WHAT IS EXPECTED → Your task is to reproduce, verbatim and without pictures, the lines from the opening of the listing through the line containing "Samyukta Singhania_Beige Chanderi".

LISTED ENTRIES →
***
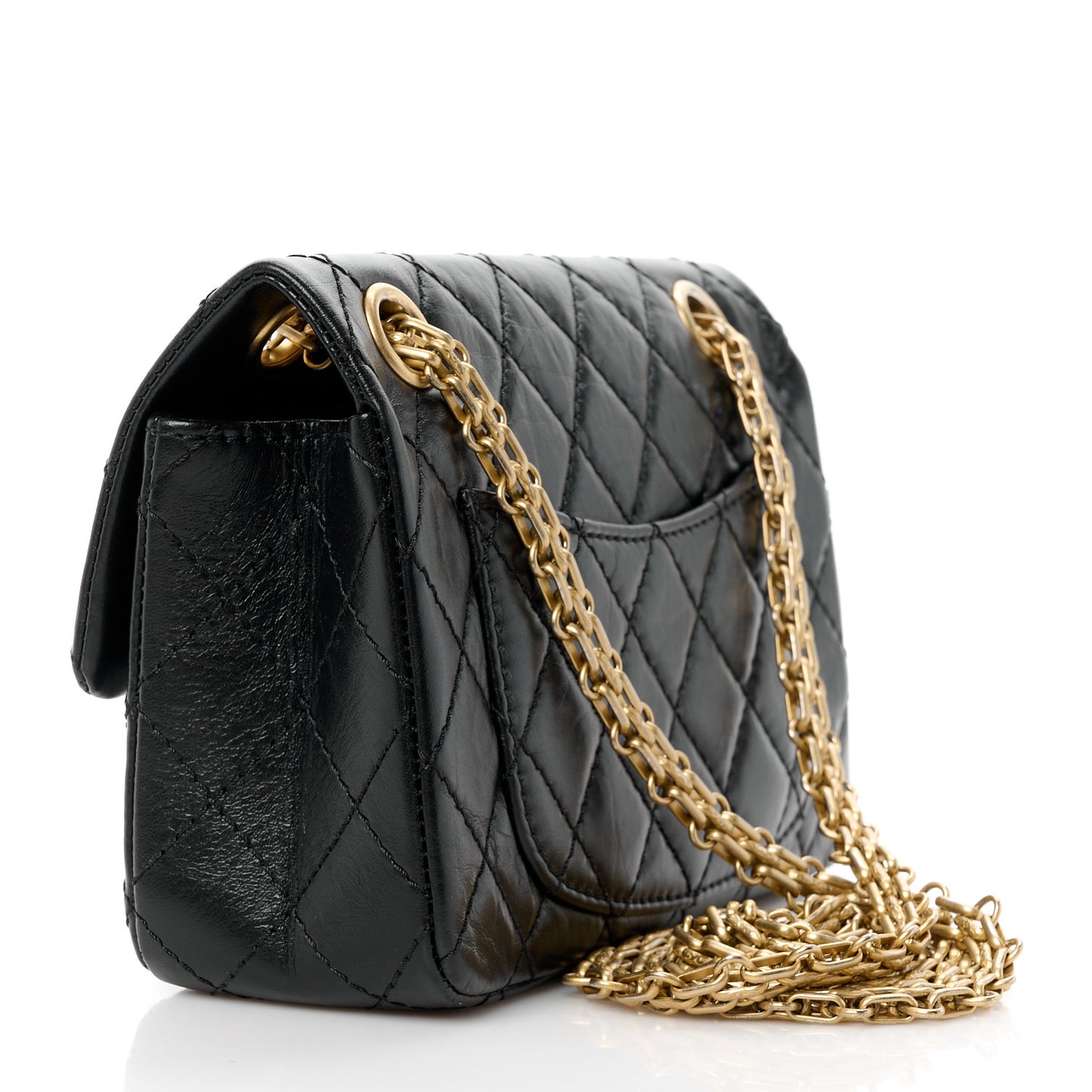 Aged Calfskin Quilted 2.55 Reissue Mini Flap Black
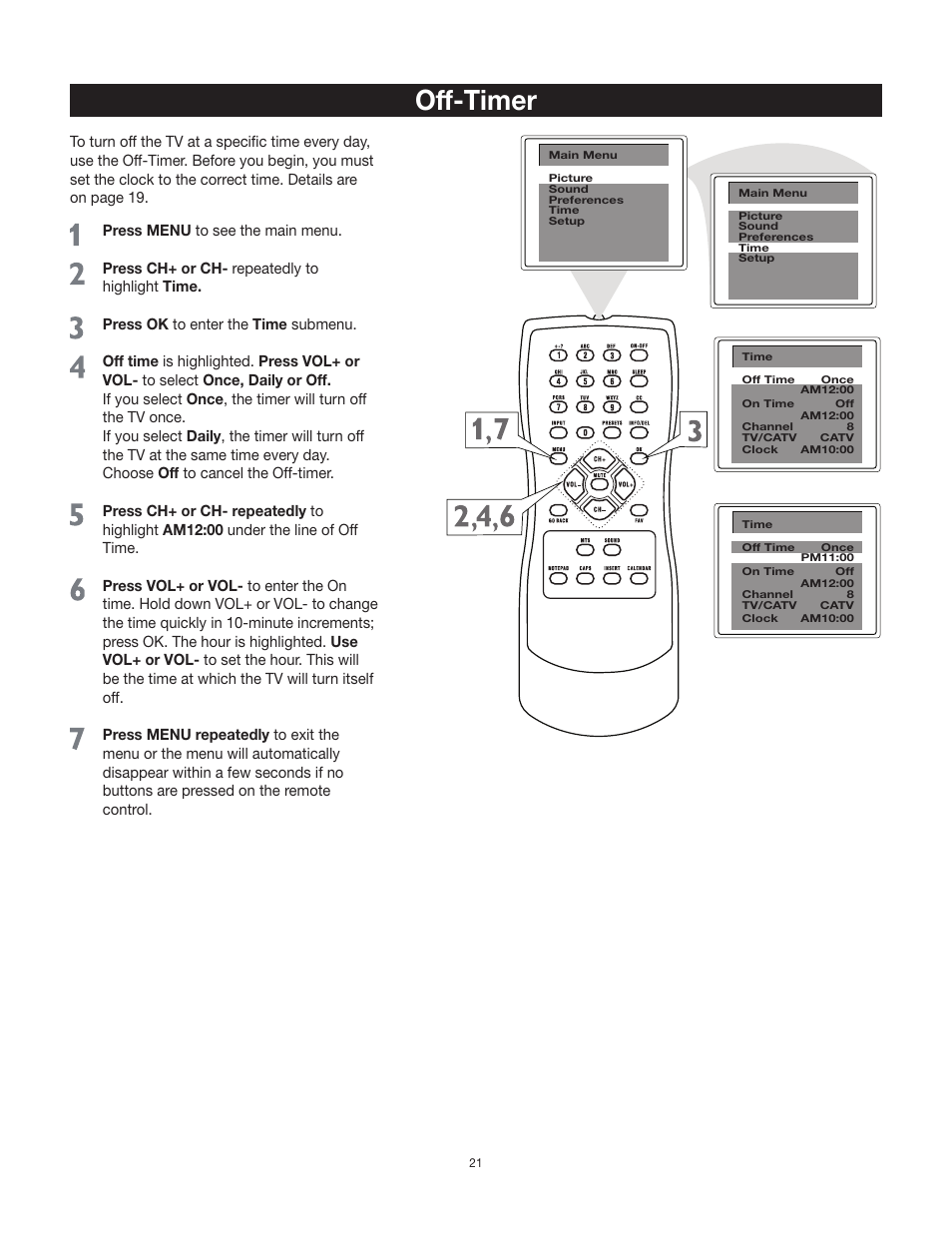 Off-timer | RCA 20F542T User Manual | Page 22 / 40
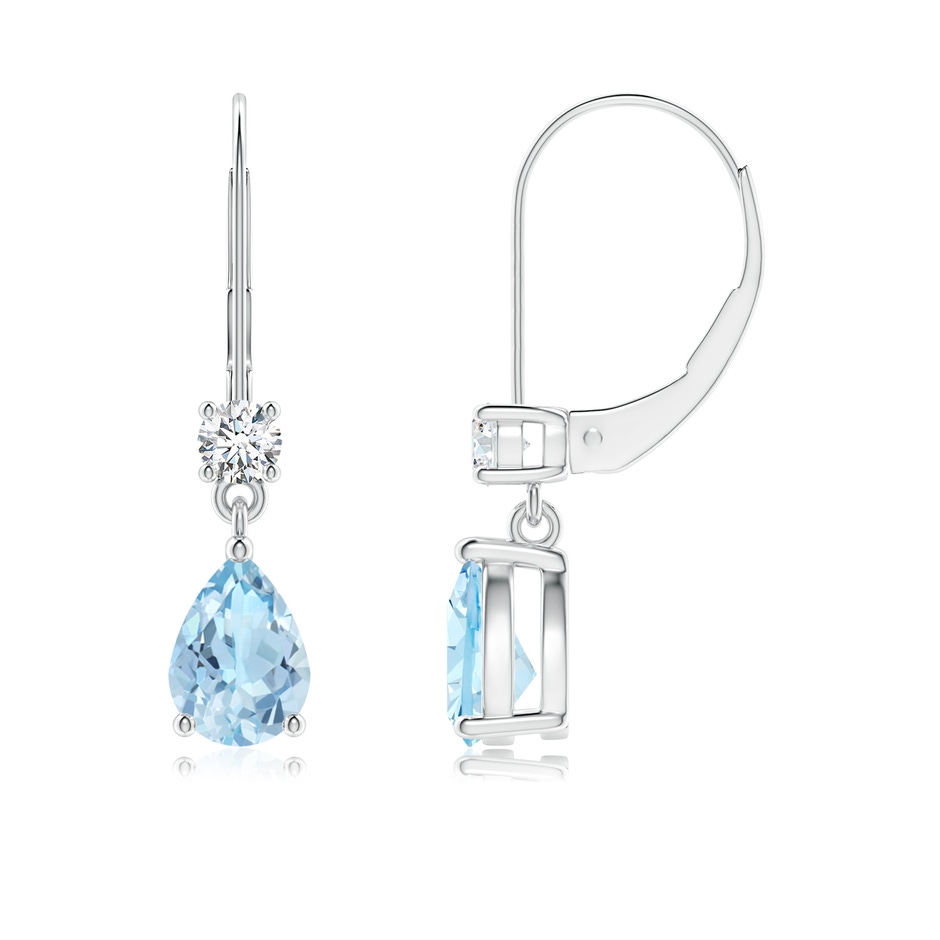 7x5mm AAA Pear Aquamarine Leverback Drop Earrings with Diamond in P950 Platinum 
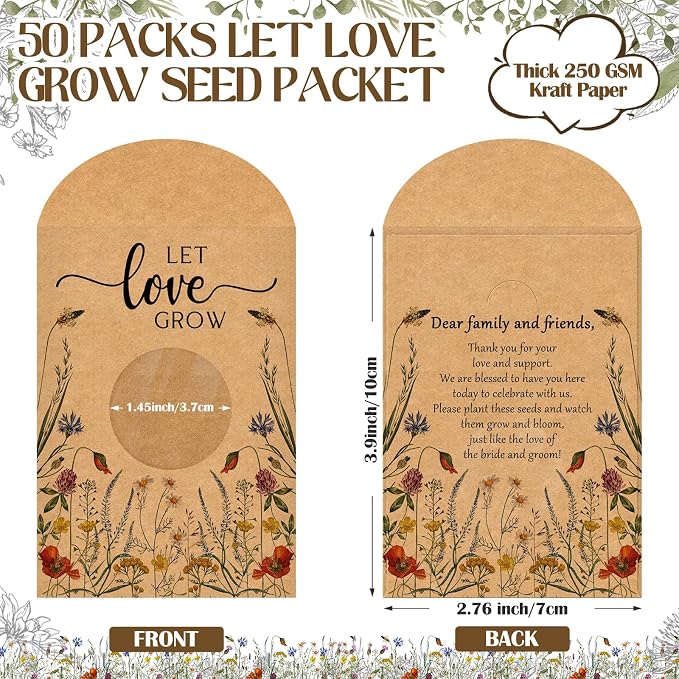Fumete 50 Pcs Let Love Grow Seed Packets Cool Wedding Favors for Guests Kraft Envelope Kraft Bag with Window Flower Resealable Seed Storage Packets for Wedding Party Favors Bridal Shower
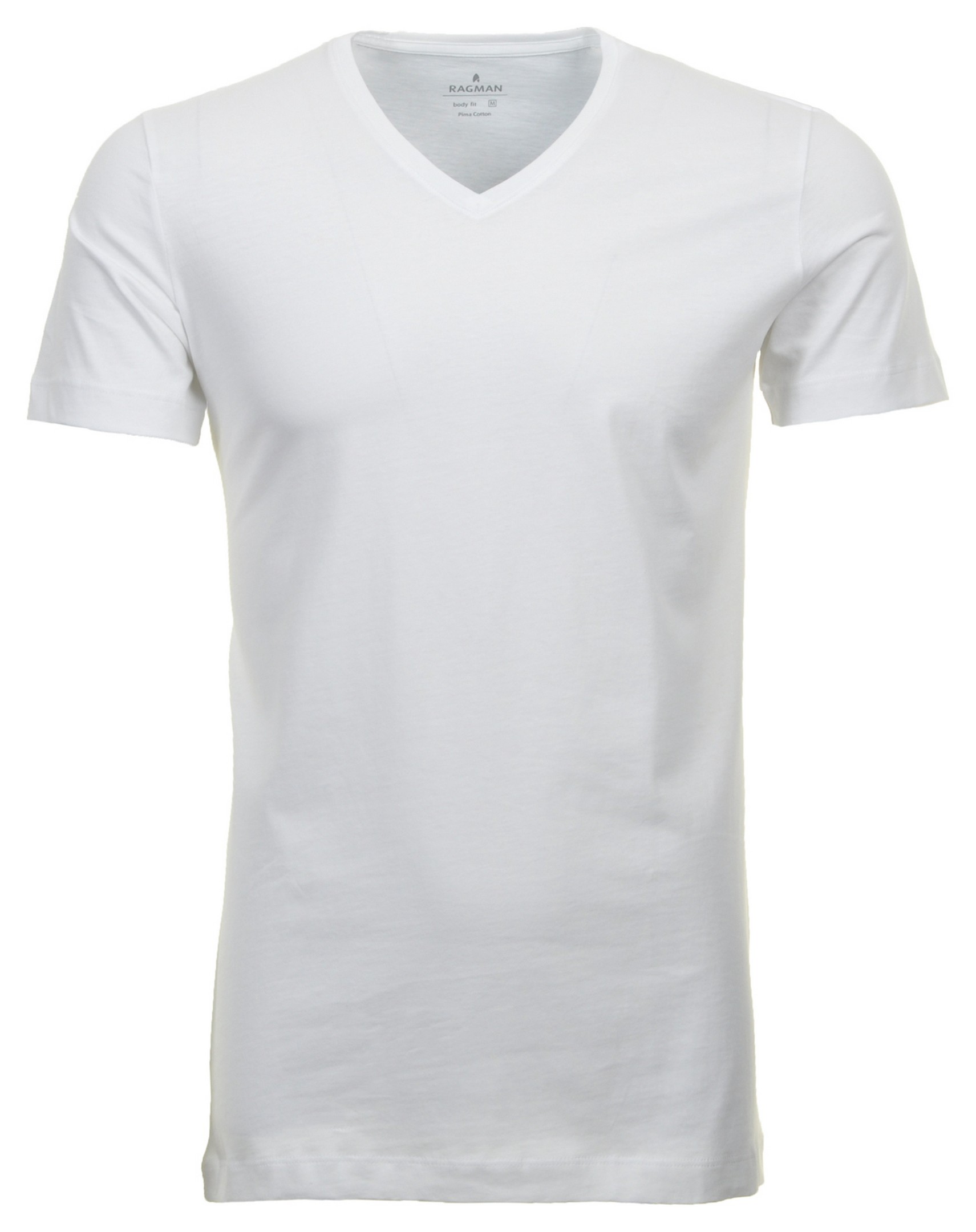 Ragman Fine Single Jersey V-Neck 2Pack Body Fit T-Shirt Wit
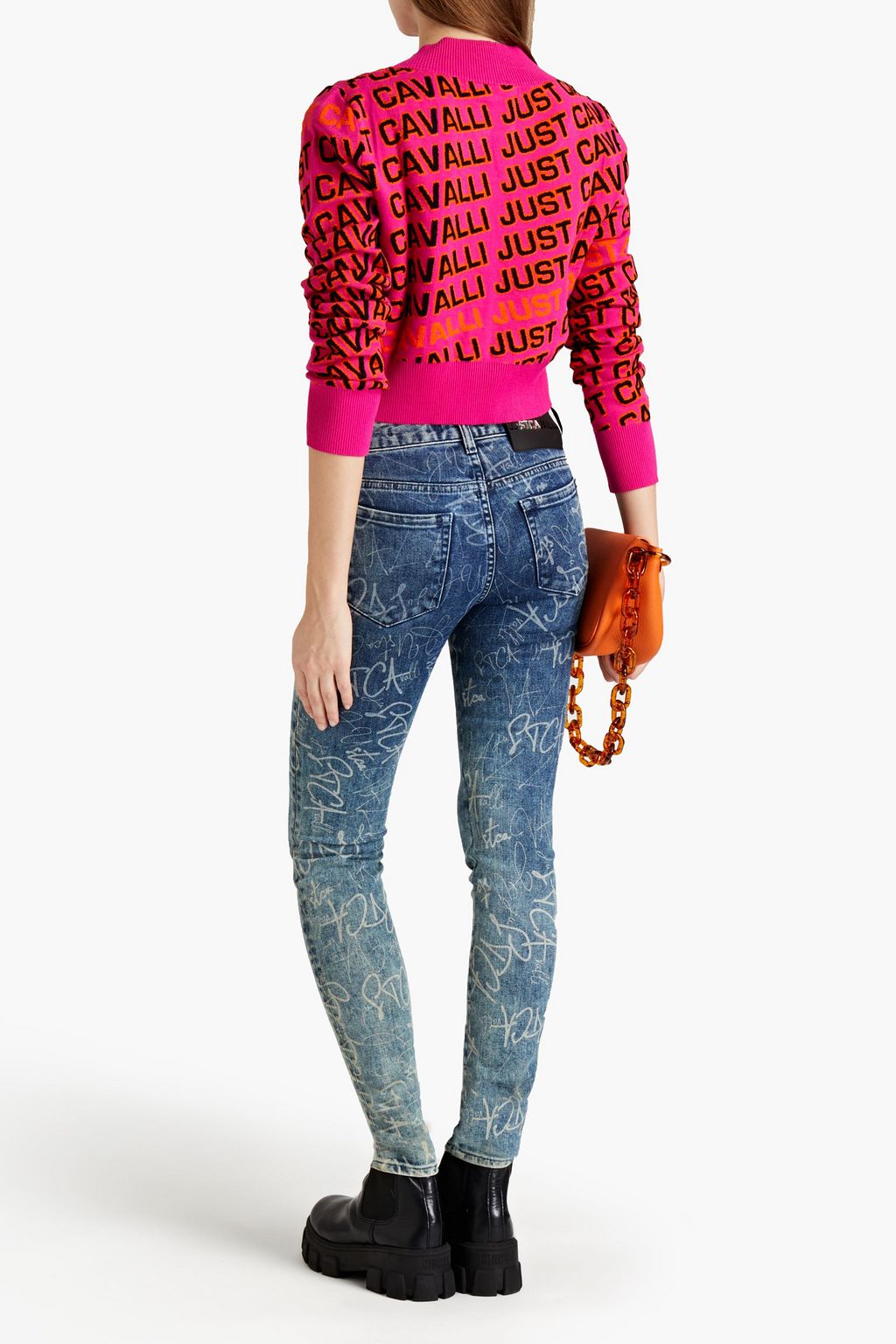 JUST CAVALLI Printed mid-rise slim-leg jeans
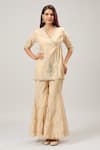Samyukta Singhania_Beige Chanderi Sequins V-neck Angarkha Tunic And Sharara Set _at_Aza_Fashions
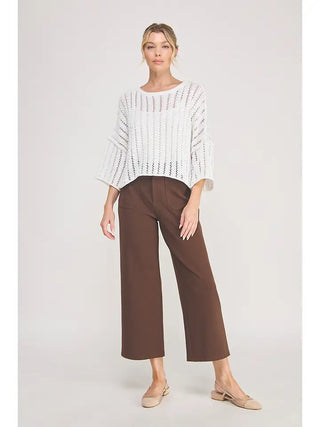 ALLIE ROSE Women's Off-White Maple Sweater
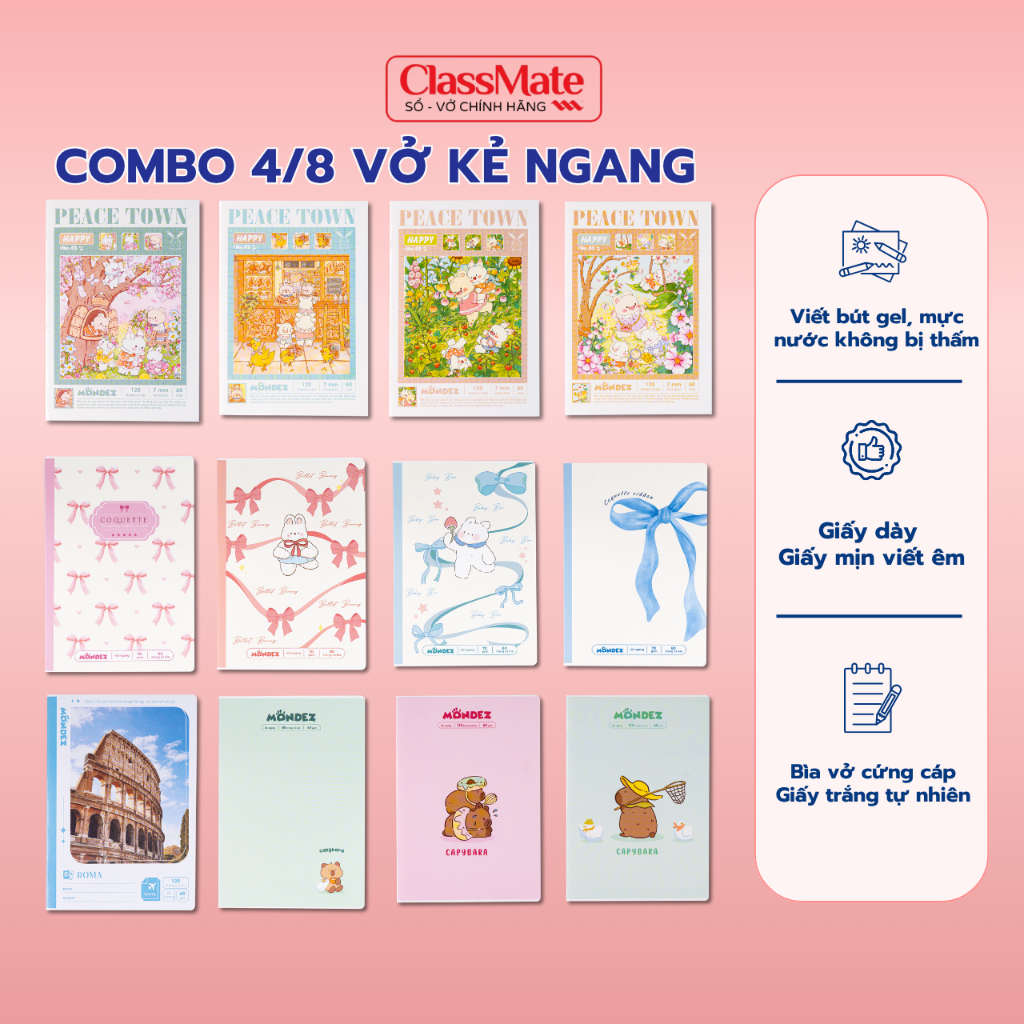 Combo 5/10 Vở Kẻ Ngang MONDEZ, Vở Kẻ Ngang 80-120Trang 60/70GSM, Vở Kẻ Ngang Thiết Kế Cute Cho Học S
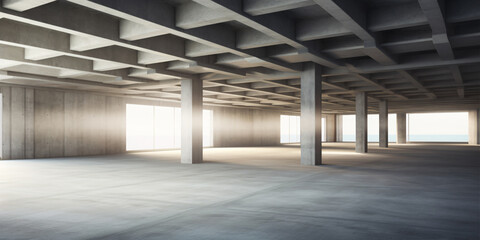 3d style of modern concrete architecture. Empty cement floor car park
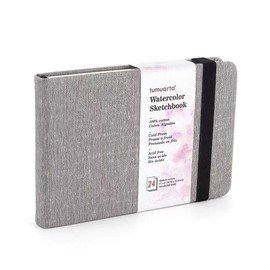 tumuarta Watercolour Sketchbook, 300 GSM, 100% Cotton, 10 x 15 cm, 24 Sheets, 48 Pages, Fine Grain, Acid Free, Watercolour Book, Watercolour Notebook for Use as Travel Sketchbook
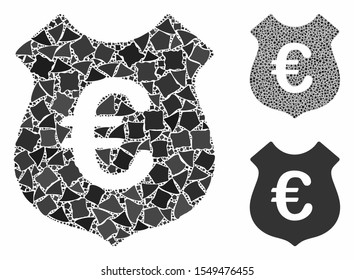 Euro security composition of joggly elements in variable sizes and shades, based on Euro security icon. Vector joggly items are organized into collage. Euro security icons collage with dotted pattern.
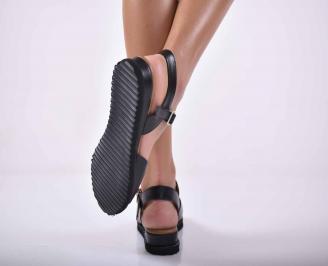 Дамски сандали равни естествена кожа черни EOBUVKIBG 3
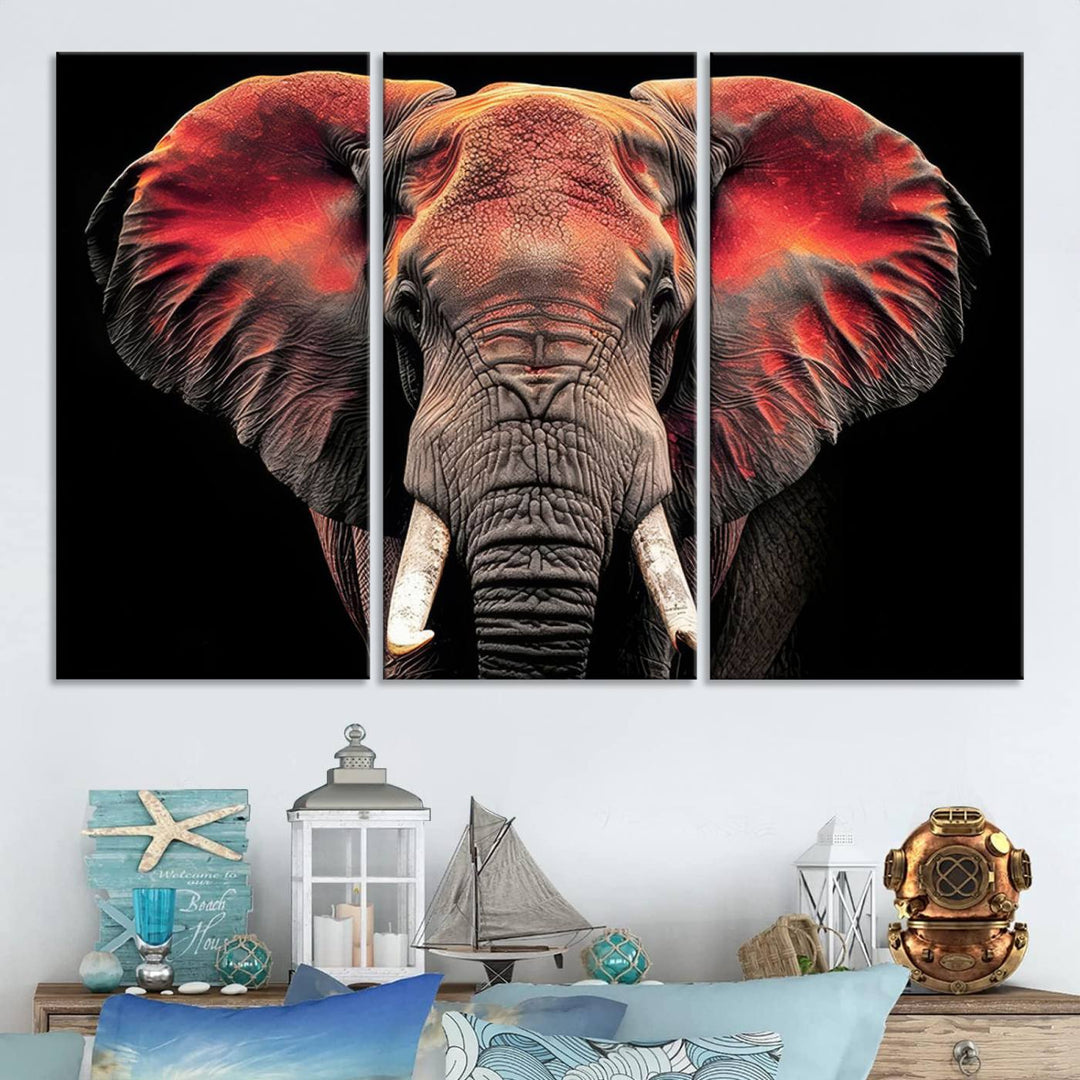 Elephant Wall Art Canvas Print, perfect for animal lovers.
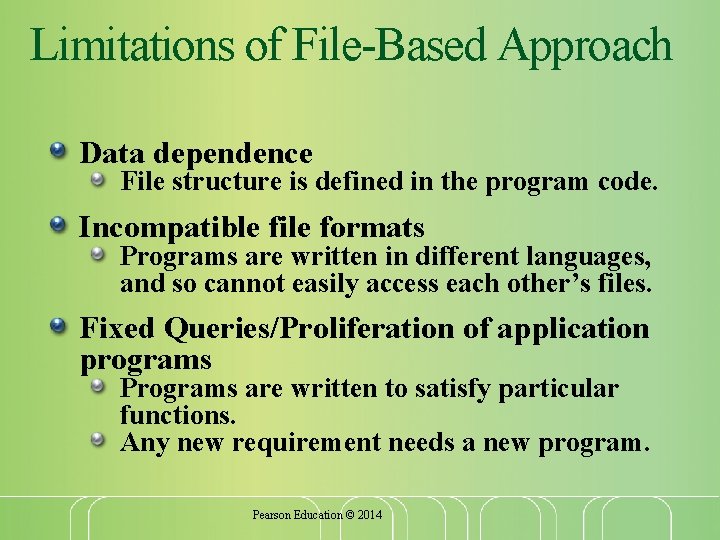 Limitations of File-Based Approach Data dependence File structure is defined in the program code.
***
OUTPUT BELOW →
 Aged Calfskin Quilted 2.55 Reissue Mini Flap Black
 Off-timer | RCA 20F542T User Manual | Page 22 / 40
 7x5mm AAA Pear Aquamarine Leverback Drop Earrings with Diamond in P950 Platinum 
Fumete 50 Pcs Let Love Grow Seed Packets Cool Wedding Favors for Guests Kraft Envelope Kraft Bag with Window Flower Resealable Seed Storage Packets for Wedding Party Favors Bridal Shower
 Ragman Fine Single Jersey V-Neck 2Pack Body Fit T-Shirt Wit
 JUST CAVALLI Printed mid-rise slim-leg jeans
Samyukta Singhania_Beige Chanderi Sequins V-neck Angarkha Tunic And Sharara Set _at_Aza_Fashions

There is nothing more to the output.